Second, a series of disasters restricted the supply of semiconductors. A massive earthquake in Japan in 2021 led to a substantial constriction on output. A major fire in Japan at one of the biggest factories of Renesas reduced the ability of the prominent chip supplier to fulfil orders to automakers worldwide.

Lastly, a drought in Taiwan prompted it to cut water supply to a major chip-making hub, Taichung, as it directed manufacturers to conserve water that is normally used for industrial purposes.

New estimates state that doubling the number of transistors in integrated circuits every two years or less would now cost eighteen times more in resources than it did in 1970. Manufacturing semiconductors has become a highly capital-intensive and complex process, and captivity is an issue since quick upgrades are becoming harder to produce. These range from the rising costs of chip design to finding talent in an industry that has a very high risk and a very high reward nature.

In April 2020, India had already unveiled measures aimed at “curbing opportunistic acquisitions of Indian companies” by entities belonging to a country it shares a long border with, linking its border dispute with the larger competition about semiconductors.
In June 2020, numerous Chinese apps were banned. In May 2021, India announced that it had cleared its mobile carriers to carry out 5G trials using equipment from companies such as Ericsson, Nokia and Samsung, with Huawei a notable omission. India explained that it had excluded the Chinese company because of its inability to comply with the security directive for the supply of network equipment.

For now, India seems keen to hedge its bets and adopt an approach that favours multiple partnerships.

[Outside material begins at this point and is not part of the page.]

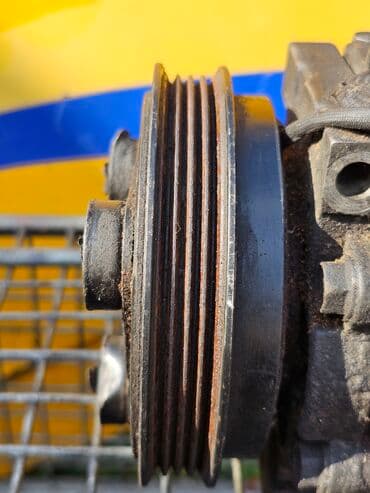 промышленные компрессор: Компрессор Mazda 1994 г., Б/у, Оригинал, Германия — 3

India’s External Affairs Minister said that the changing US-China dynamic will provide opportunities to be exploited in a manner that advances India’s national interests.
With these statements and the measures taken, it becomes more and more evident that India is open to aligning with the US-led bloc, which would be reflected in where it stands in the discussion on the semiconductor global supply chain.

Minister of Commerce and Industry Piyush Goyal, who reviewed the progress of the CEO Forum along with the US Secretary of Commerce Gina Raimondo encouraged industries to leverage platforms like the semiconductor supply chain given the growing convergence of perspectives and strategic interests of the two nations. Secretary Gina Raimondo joined Minister Piyush Goyal and announced a US-India Memorandum of Understanding (MoU) that will establish a Semiconductor Supply Chain and Innovation Partnership.

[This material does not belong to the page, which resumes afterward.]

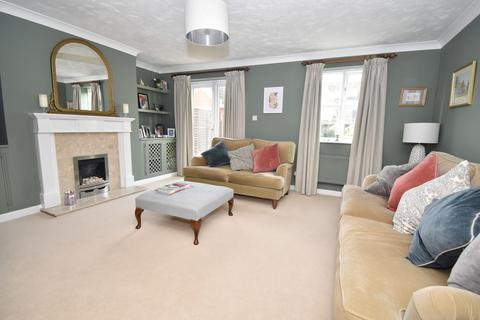 68 Wilkin Drive, Tiptree, Colchester, CO5 0QP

The MoU was announced at the relaunch of the US-India Commercial Dialogue and emphasised semiconductor supply chains. The Secretary met Prime Minister Narendra Modi, attended the US-India CEO Forum and held several important bilateral meetings with Indian officials.

India’s push for cooperation with the US on semi-conductors is also important in the context of Piyush Goyal’s calling for a resilient debt capital market as the catalyst for innovation, entrepreneurship and infrastructure development at a time when massive investments from both the government and the private sector are directed towards boosting infrastructural capabilities of the country. The stock market is also hitting the 4 trillion mark for the first time and India being amongst the top five global markets has huge opportunities.

Micron Technology, with support from the Indian National Semiconductor Mission, announced an investment of $800 million that together with additional financial support from the Indian authorities, will be used to set up a $2.75 billion semiconductor facility in India.
Micron Technology said that the semiconductor plant and assembly factory will be set up in Gujarat. Another semiconductor manufacturing equipment company is going to announce a training program for 60,000 engineers.

The officials also said that the United States will assist India in becoming a member of the Mineral Security Partnership which is led by the US-state department and strengthens the supply chains of critical minerals that are needed for strategic technological goals. On advanced telecommunications, the officials said that India and the US are working together on 5G and other technologies including open routing systems.